Politique

Bénin/Rencontre politique : Guy Dossou Mitokpè à cœur ouvert avec les jeunes

(« Je suis toujours le même », dit l’Honorable)

 

Guy Dossou Mitokpè (MDG, comme aiment à l’appeler certains de ses proches), trois mois après sa démission du Parti ‘’Restaurer l’Espoir’’ où il a milité pendant une quinzaine d’années, était ce dimanche 24 juillet 2022 face aux jeunes de Cotonou, précisément ceux de Gbégamey, pour s’entretenir avec sur ses choix, sa position actuelle et son avenir dans l’arène politique béninoise.     

Une rencontre à l’allure d’explications avec sa base politique, si s’en était pas une, elle en avait en tout cas tout l’air. L’He Guy Dossou Mitokpè a rencontré les jeunes de la seizième circonscription électorale, circonscription dans laquelle il avait été élu député à l’Assemblée Nationale, septième législature, aux côtés de son mentor politique Candide Armand-Marie Azannaï du parti duquel il a démissionné le 12 avril 2022 dernier après quinze ans de militantisme empreint de discipline à la ligne et aux idéaux du parti, de loyauté et de fidélité.

Son départ de ‘’Restaurer l’Espoir’’ de même que sa future destination politique ont suscité et continuent de susciter des remous dans l’opinion publique. Où atterrira Guy Dossou Mitokpè ? C’est la question que se posent tous les acteurs et observateurs de la scène politique béninoise. C’est pour répondre à cette question qu’il est allé à la rencontre des jeunes de sa circonscription électorale, des jeunes de sa base politique.

Langage de vérité

Jeune lui-même, il s’est entretenu sans langue de bois avec ses pairs. Jeune pour jeunes, dirait-on. Pour planter le décor : « on ne peut construire aucune action solide, aucune action durable si on ne parle pas aux jeunes », dixit l’He Mitokpè. C’est ensuite qu’il poursuit en sensibilisant ces derniers sortis massivement pour écouter leur idole sur les raisons pour lesquelles l’on doit s’engager en politique et l’opportunité qu’offre aujourd’hui la loi.

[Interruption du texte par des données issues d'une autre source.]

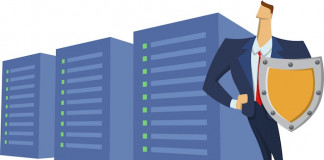 10 étapes pour mettre le CDO (Chief Data Officer) en action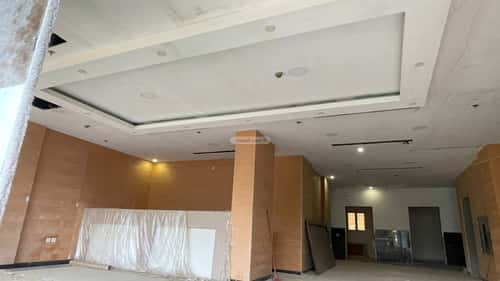 عمارة 750 متر مربع واجهة شرقية الشاطئ، جازان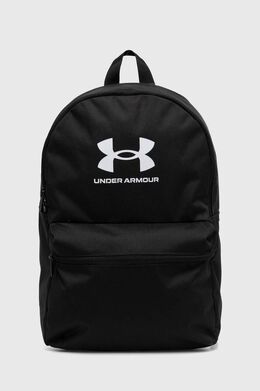 Рюкзак Under Armour, черный ppyh-pku0dy_99x | czarny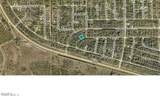 515 Ladd Street - Photo 2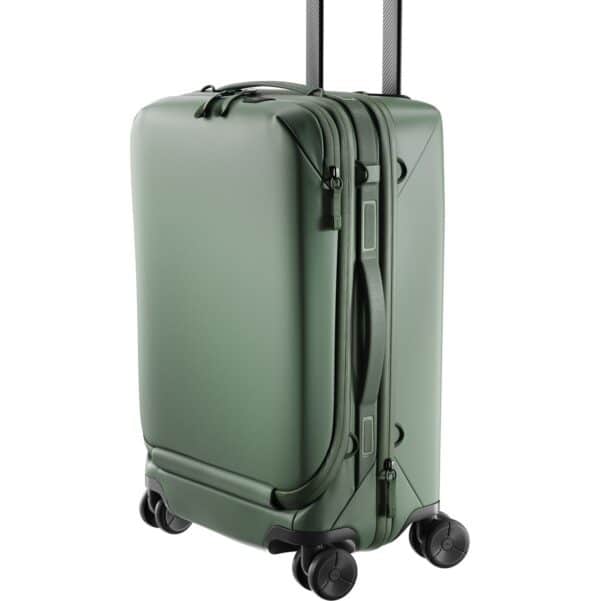 Peak Design Roller Pro Carry-On Sage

Ainsi désormais au Bénin, l’on peut prétendre représenter le peuple à l’Assemblée Nationale à partir de 25 ans. S’appuyant sur son exemple, il a fait comprendre aux jeunes comme lui que ce n’est pas impossible. Tout au contraire, la chose est bien possible. « Je ne suis pas un héritier politique. Je n’ai pas bénéficié d’un héritage politique », a déclaré MDG, rappelant au passage qu’il est issu lui aussi d’une famille très modeste comme la plupart des jeunes à qui  il s’adresse.

« Les élections de 2023 comptent »

Cela étant dit, il a ensuite fait comprendre aux jeunes que : « ceux qui ont l’action publique détiennent votre avenir », dira-t-il. Pour lui, les jeunes qui sont pour la plupart du temps débordants d’énergie ne doivent pas seulement se contenter d’être de simples électeurs, l’échelle par laquelle on accède au pinacle. Ils ont le devoir, a-t-il soutenu, de s’engager politiquement.

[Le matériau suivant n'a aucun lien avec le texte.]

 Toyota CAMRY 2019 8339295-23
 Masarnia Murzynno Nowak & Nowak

« Lorsque qu’on a l’âge que vous avez et que vous refusez de vous engager, il y a des gens qui s’engageront à votre place », leur a-t-il dit. A l’en croire, le jeune peut apprendre en militant dans un parti politique le leadership qui lui permettra d’être un bon entrepreneur. Chose importante et comme pour leur dire qu’ils ont la possibilité d’expérimenter ce qu’il leur déclare, il les invite à se préparer pour le rendez-vous des élections législatives du début de l’année prochaine. « Les élections de 2023 comptent » leur a-t-il lancé.

Avenir politique

A ceux qui s’interrogent et s’inquiètent même sur son avenir politique, Guy Dossou Mitokpè répond : « je n’ai pas changé. Le combat que j’ai mené, c’est le même combat que je continue de mener ». Se voulant encore plus rassurant, il déclare : « je n’étais pas dans le mauvais rôle et je ferai l’effort pour ne pas être dans le mauvais ». Il ajoute même : « je ne vais pas me fourvoyer ». Il le martèle à nouveau dans une expression et une phrase culte : « je suis toujours le même ». 

Selon lui, il y a encore des raisons de faire la lutte. Mais précision de taille : « mon combat n’était pas pour que Talon échoue. Mon combat était que les balises de la démocratie, que les règles soient respectées », a-t-il affirmé. Il ajoute encore : « le patriotisme n’a pas de parti politique ». « Ce qui nous lie, c’est le Bénin. Ce qui compte c’est le Bénin.  Ne détestez jamais le Bénin », dira-t-il pour conclure.